(Image: Private Media)

A Supreme Court of Tasmania judgment handed down last week, which found that Tasmania Police illegally recorded confidential discussions between lawyers and clients over 60 days, has drawn intense debate and calls for a wide-ranging commission of inquiry.

The right to have a confidential talk to one’s lawyer about litigation is generally regarded as inviolable. The protection of these communications, known as client legal privilege under Australia’s uniform evidence regime, is fundamental to the administration of justice. If you can’t have a frank, confidential discussion with your lawyer because someone may be listening, you may not seek advice or may not disclose all critical facts, particularly in criminal cases.

When it is undermined, it jeopardises the tenuous balance of legal protections that exist to keep innocent people from rotting in prison cells.

The court found police had failed to tell a magistrate when seeking a warrant to eavesdrop on a meeting between a lawyer and a witness that they would leave the bug on, thus recording every privileged lawyer-client conversation in a prison meeting room over 60 days.

On Wednesday there were calls from myself and others for a commission of inquiry to examine Tasmania Police practices in relation to seeking and executing warrants for the use of listening devices.

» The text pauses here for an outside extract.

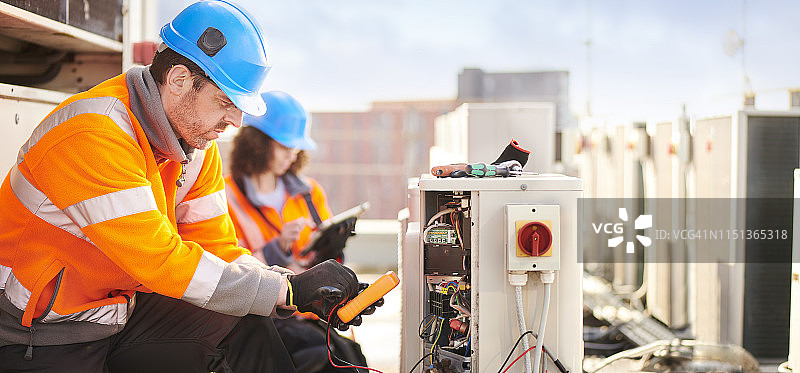 屋顶上的空调维修团队图片素材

Even more extraordinary was the response from Tasmania Police on the same day, which minimised the conduct of its officers as nothing more than a “technical breach”, and announced an independent review by former solicitor-general Michael O’Farrell SC. A review whose terms of reference have never been released, instituted by the organisation whose conduct is impugned, is simply insufficient.

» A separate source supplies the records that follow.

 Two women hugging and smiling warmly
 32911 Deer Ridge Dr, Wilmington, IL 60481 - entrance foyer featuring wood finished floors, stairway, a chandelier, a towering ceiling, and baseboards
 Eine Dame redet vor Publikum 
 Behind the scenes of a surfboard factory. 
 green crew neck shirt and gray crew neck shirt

Worse still, on Friday the state’s integrity commission declined to investigate the matter, saying it does not “duplicate work that is being undertaken appropriately by a public authority”.

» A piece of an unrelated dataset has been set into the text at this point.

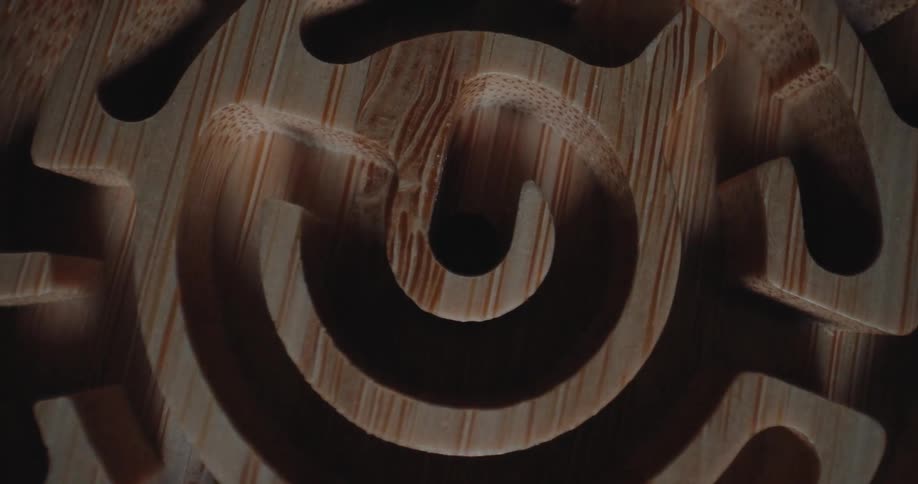 A topdown shot shows a circular wooden maze made of bamboo as it rotates slowly under a shifting light source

First, it is hard to accept both Tasmania Police’s claim that the review is independent of it, and that it is being “undertaken by a public authority”. Second, the integrity commission gave no basis for saying the work was being undertaken “appropriately”, and no indication that it was privy to the terms of reference.

Magistrates and justices of the peace who issue warrants generally do not follow up with the police to see how the warrant was executed, or whether the information provided to obtain the warrant turned out to be accurate, and criminal courts are unable to look behind the reason why the warrant was sought.

An independent commission of inquiry is needed precisely because the use of these powers of surveillance is shrouded in secrecy, and because the people who wield them are prepared to diminish egregious overreach as mere “technical breach”.

A commission of inquiry would permit truly a independent examination of police practices and the sufficiency of Tasmania’s very limited oversight regime. It would serve to restore shaken public confidence in police practices and the administration of justice, and not just in relation to the wider case of Susan Neill-Fraser, whose lawyer Jeffrey Ian Thompson was targeted by the initial bugging.

If Tasmania Police’s claim in its disingenuous press release — that it welcomes the opportunity to “ensure transparency and accountability” — is to be believed, the only option is a formally constituted commission of inquiry.

Ultimately, civil liberties are tenuous, and the freedom of a people hangs by the thread of technicalities that police are sworn to uphold.